The school, in southern Wake Forest, was built in 2009 because of the large number of students enrolled in neighboring Wake Forest-Rolesville and Wakefield high schools. Heritage has accepted students from as far away as Knightdale.
Playing football could be a challenge.
"Be adjustable and encouraging," McGeorge told his assistants in the meeting. "This is a year we're going have to do a lot of that."
Only 25 days before Game One. That's all the time McGeorge and his staff had to prepare teenagers, many of whom had never played a down of varsity football.
Eager and anxious
McGeorge, hired in February of last year, had waited 10 years as an assistant at Leesville for his chance to lead a football team. Football has been his life. His father, Richard, played nine seasons for the Green Bay Packers and is an assistant at Shaw University. Jason McGeorge says he's ready for anything.

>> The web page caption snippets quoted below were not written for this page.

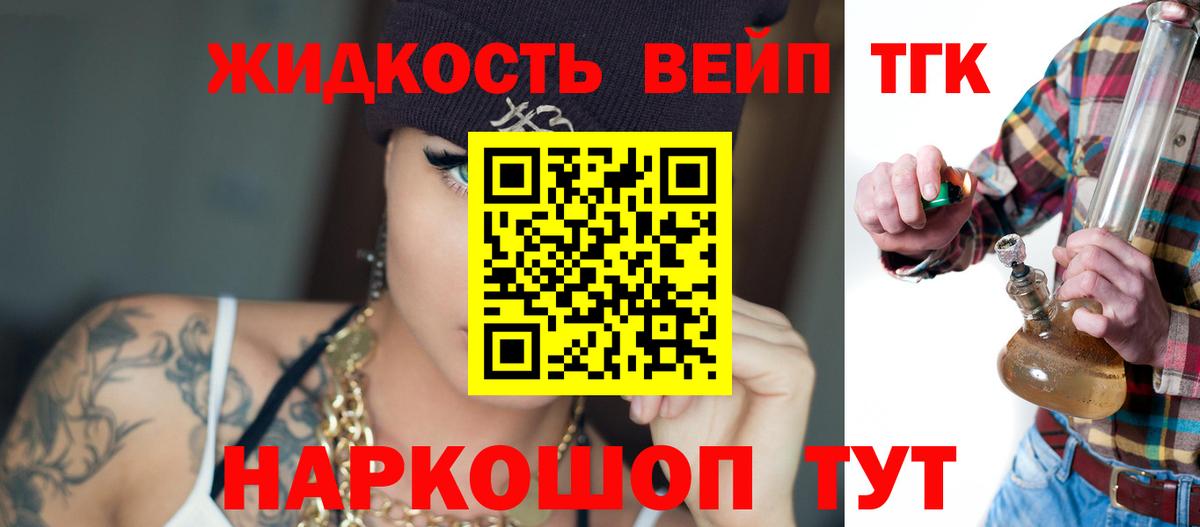 Дистиллят ТГК THC oil Чита
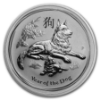 Picture of 2018 1oz Lunar Dog Silver Coin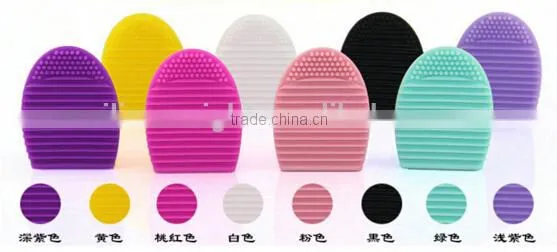 Brush Egg Silicone MakeUp Brush Finger Scrubber Cleaner photo-6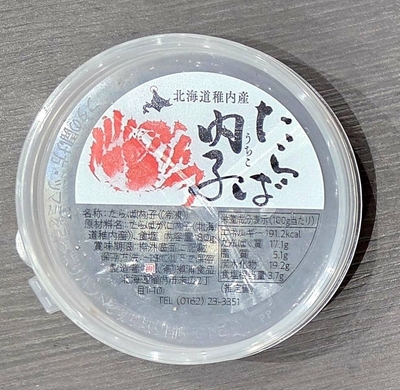 たらばがに内子80ｇ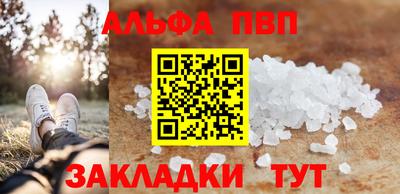 экстази Краснознаменск
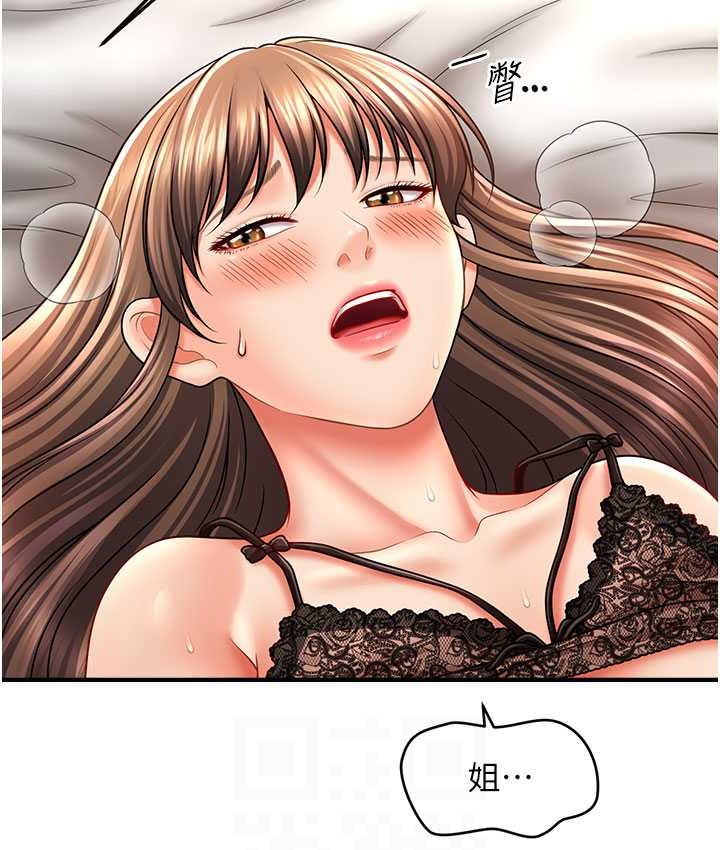 93P - 催眠撩法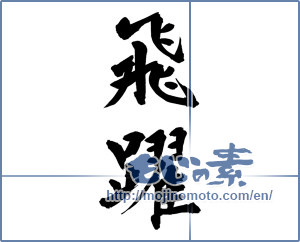 Japanese calligraphy "飛躍 (Jump)" [9256]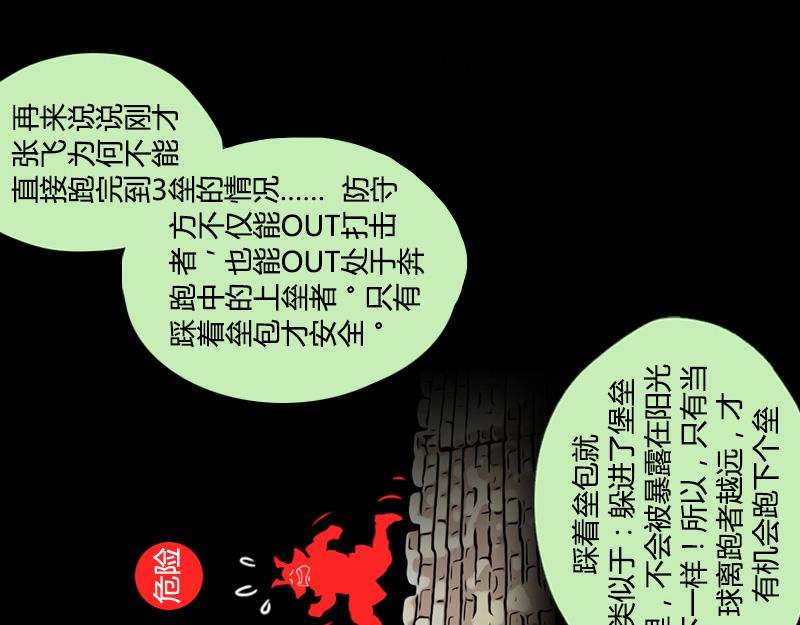 第34话 规则(1/2)-第32话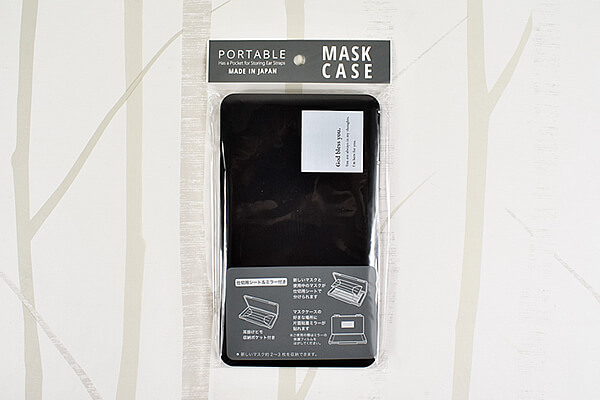 スリーコインズ「マスクケース」衛生的に保管できて、好きなところに貼れるミラーつき！ の画像2
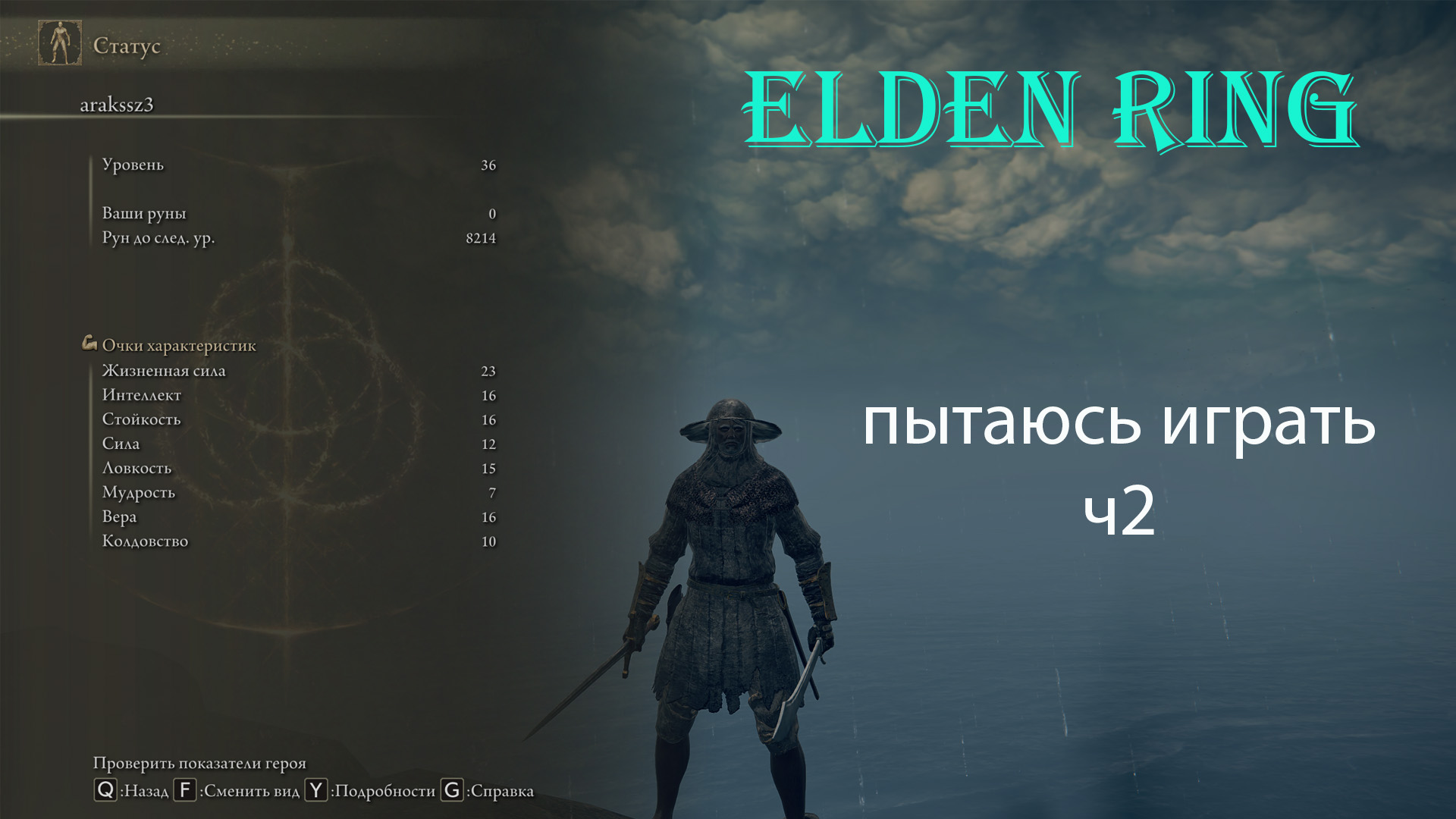 Как взять в 2 руки elden ring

"When I first got into coaching I was one of those ranting types," McGeorge says. "Through my father I learned patience."
He'll need it. By 4 p.m., 85 players, all dressed in T-shirts - none with the name Heritage on the chest - were in the locker room. Some were eager; others were anxious. The first day was about teaching rather than evaluating, though it was easy to see that the team lacked size.
How do you form the huddle? Where does the tight end line up? What's the difference between a post route and a slant?
One thing everyone could do was run, and McGeorge made his team do plenty of sprints.
"We have to outwork everyone," McGeorge told the Huskies.
At least one thing was clear by the end of the first day: There were only 60 helmets for the 85 players.
The booster club
The slender boy hoping to be the quarterback, Ryan Varner, had a helmet and pads. His mother, Kathleen Varner, was determined to help the others.
Kathleen Varner is president of the booster club. Though she has two jobs, she spends almost all of her free time either talking to parents or asking businesses to sponsor Heritage's athletics.
A few years ago, Ryan, 14, would have been in the same school as his older brother, Joey Varner, 17, who attends WF-R. Now, Ryan is just trying to learn McGeorge's offense. Unlike his teammates, he didn't head home after the first week of practice ended; he went to the concession stand to help his mother.
There, Kathleen Varner was selling food, drinks and season passes to parents at a soccer event. Even before he's played a game, Ryan understands the importance of the booster club.
"They are going to promote and back us," he said. "It makes us feel like we have support."
For Kathleen Varner, and her team of volunteers, each day is about finding funds. This economy is tough, and some businesses are saying "thanks, but no thanks." Geography presents a challenge, too. Heritage, which will play in the Cap Eight 4-A conference, is wedged between the two dominant schools in the area: powerhouse WF-R and Wakefield, a program on the rise.
"Some businesses don't have kids that go to our school," Varner said. "We need sponsorships. We need them badly."
Varner is creative, and she presented small business owners with a plethora of sponsorship options. By Aug. 8, the Huskies - all 100 of them by now - had helmets and pads.
But Varner knew she needed more sponsors for team travel, meals and other expenses.
Ryan has never missed a practice. He was there the first day in July 2010 when McGeorge told the Huskies - who decided to field only a JV team last year with just freshmen and sophomores - their motto: Husky Pride.
Ryan always wanted to be a quarterback, a leader. Last season he didn't win the starting job, but he showed maturity by switching to receiver to help the Huskies.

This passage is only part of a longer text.